A ópera havia sido montada no Brasil apenas uma vez, em 1982, no Teatro Municipal de São Paulo, dirigida pelo sempre visionário maestro Isaac Karabtchevsky, e tendo no desafiador papel título, em elogiada atuação, o barítono brasileiro Carmo Barbosa.
Mais de quarenta anos depois, ela surge no formato de concerto cênico, com a Osesp (regida por seu titular Thierry Fischer) saindo totalmente da zona de conforto: de fato, o comentário dos músicos ao longo da semana de preparação foi, invariavelmente, acerca da complexidade e das dificuldades técnicas da partitura.

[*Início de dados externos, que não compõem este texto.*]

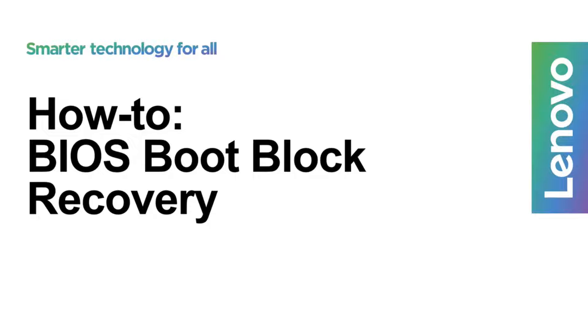In this video, I'm going to walk you through the steps on how to perform a BIOS boot block recovery on any of the ThinkStation desktop platforms.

Escrita em linguagem atonal livre -para além das fronteiras da tonalidade clássica-, e utilizando-se frequentemente do “sprechgesang”, espécie de canto falado introduzido no repertório pouco mais de uma década antes por Arnold Schoenberg, professor direto de Berg, “Wozzeck” é estruturada em três atos, cada qual com cinco cenas.
Nela apenas têm nome as personagens cuja dignidade psicológica e social fora suprimida com violência: Wozzeck, Marie, Andres, Magret. Os superiores hierárquicos são chamados apenas por suas funções: Capitão, Doutor, Tambor-Mor.
O fato de Berg utilizar formas clássicas como suíte, sonata, fuga e rondó -estranhalizadas, distorcidas, ironizadas- não apenas unifica o todo, mas resulta extraordinariamente impactante do ponto de vista dramático: não há como perder a atenção, ainda mais porque, em aceleração gradual, a densidade harmônica intensifica-se, depois ganha predominância rítmica e, perto do final, volta-se ao passado tonal em um inesperado interlúdio de inspiração mahleriana.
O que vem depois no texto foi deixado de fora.